El lunes 31 de agosto, acompañada de sor Carmen Carretero, Josefina salió de un nuevo refugio que había conseguido, para recoger algunas pertenencias en el anterior. Las dos religiosas pasaron por delante de su monasterio y no pudieron contener una mirada de lástima y una lágrima sutil. Alguien sospechó que eran monjas y se lo comunicó al comité instalado en el monasterio. Mientras recogían sus pertenencias, entraron ocho milicianos armados al edificio a hacer una requisa. La madre Josefina ni se dio cuenta, y ya se iba, cuando llamó para despedirse de su benefactora, la señora Ballester, momento en que los milicianos dijeron: «Que entre, es a ella a la que buscamos». Eran las ocho de la mañana. Empezó un interrogatorio ininterrumpido de doce horas.
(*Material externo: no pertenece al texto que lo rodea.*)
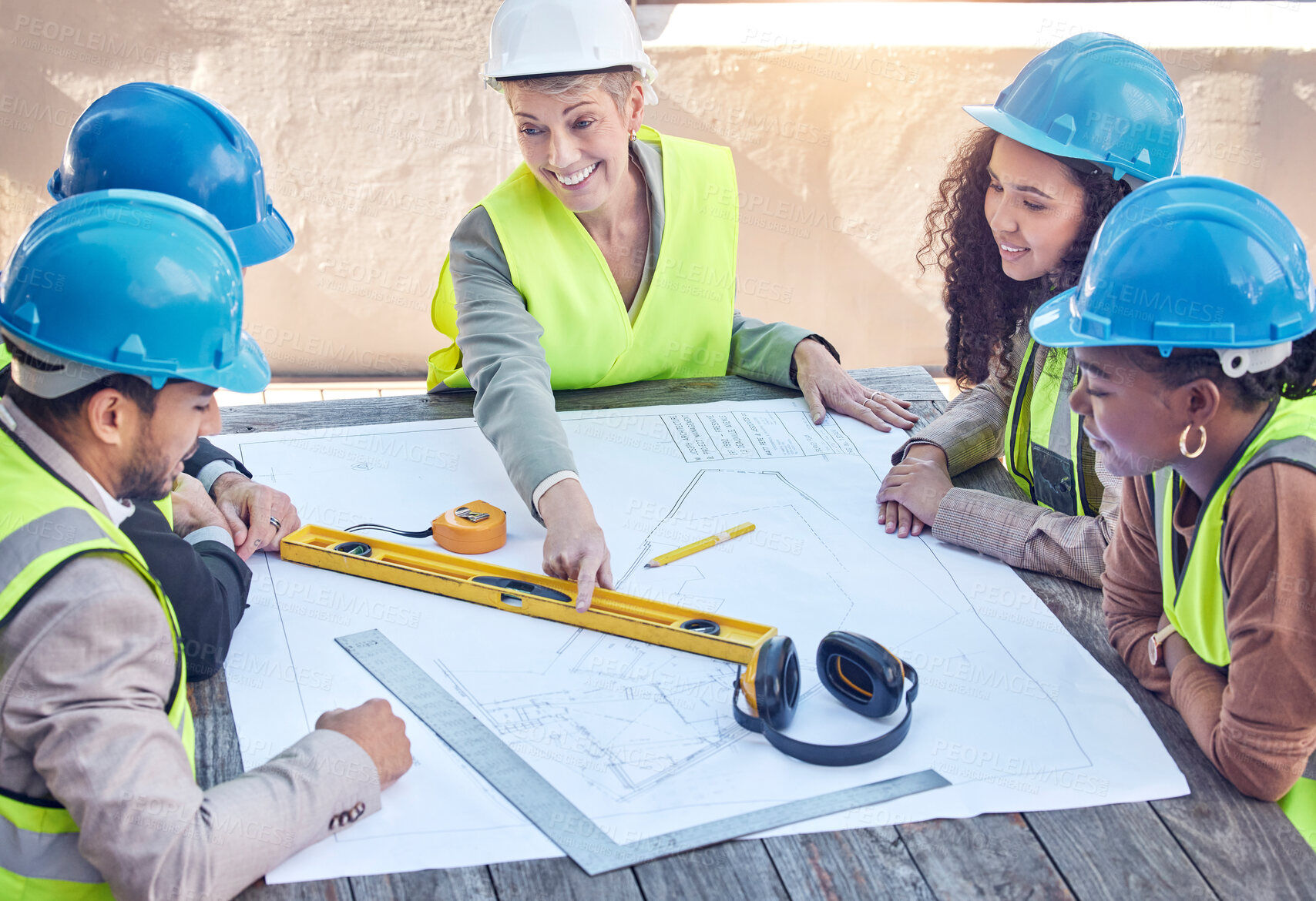 Buy stock photo Architect, engineering and team with blueprint outdoor on table for construction and building project. Manager for gender equality with men and women talking floor plan discussion, planning and paper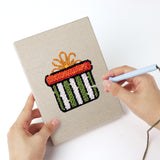 Punching a Wreath and Bell mini canvas with the punch needle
Buscaban un supuesto tesoro, al capellán del monasterio y al resto de monjas. No consiguieron sonsacarle nada. Los milicianos decían: «Qué terca; pero ya la pagará». Hacia las ocho de la noche, desesperados, la obligaron a que los siguiera. Bajaron las escaleras. Al llegar a la puerta y ver el coche, les dijo: «Si habéis de matarme, ¿por qué no lo hacéis aquí mismo?». Los milicianos la obligaron a subir al coche. Cerraron las puertas y emprendieron la marcha. Nada más se supo. Al día siguiente, su cadáver apareció en el Hipódromo con un cartel que decía: «Esta es la priora de las Dominicas de Monte Sión y su apellido es Sauleda». En el Clínico el portero y sacristán del monasterio, que días más tarde sería asesinado, reconoció el cadáver. Su tío Antonio declaró: «Lo más desfigurado de ella era el rostro, las facciones de la cara estaban completamente masacradas; era un montón de carne». En la posguerra, uno de sus asesinos confesó que no podía sacarse de la memoria aquella noche en la cual lenta y cruelmente la madre Josefina fue torturada, mientras rezaba por España y por sus verdugos. El que había dirigido las torturas se arrepintió de sus crímenes y pidió sinceramente perdón a Dios y a los hombres antes de morir ejecutado.